Da randagio a salvatore
La sua storia colpisce: Tsunami era un cane abbandonato, recuperato dalla strada e poi addestrato come unità cinofila da soccorso, come ricostruisce anche Fanpage. Un percorso che lo ha portato dalle difficoltà di un animale senza casa a un ruolo prezioso nelle emergenze.
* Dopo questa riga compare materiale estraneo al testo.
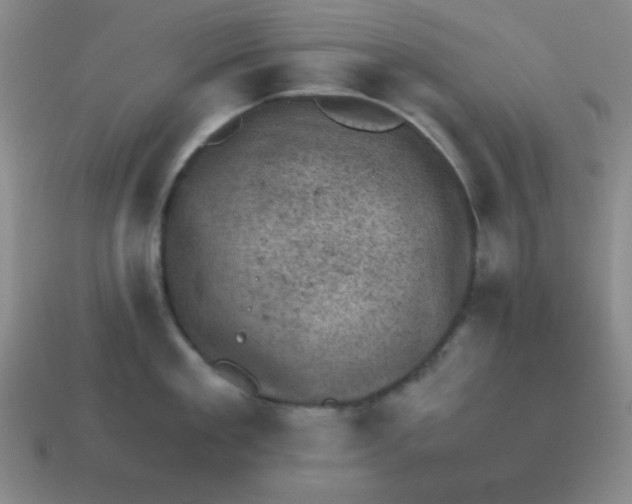 X0000113740909200910141001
Perché i cani fanno la differenza
I cani da ricerca restano uno strumento insostituibile nei disastri: il loro olfatto permette di percepire la presenza di una persona viva anche a diversi metri di profondità sotto le macerie, là dove sensori e telecamere non arrivano. Nelle ore in cui la finestra per trovare superstiti si restringe, il lavoro delle unità cinofile può fare la differenza tra la vita e la morte. La storia di Tsunami, oltre alla cronaca dell'emergenza, ricorda il contributo silenzioso di questi animali e di chi li addestra.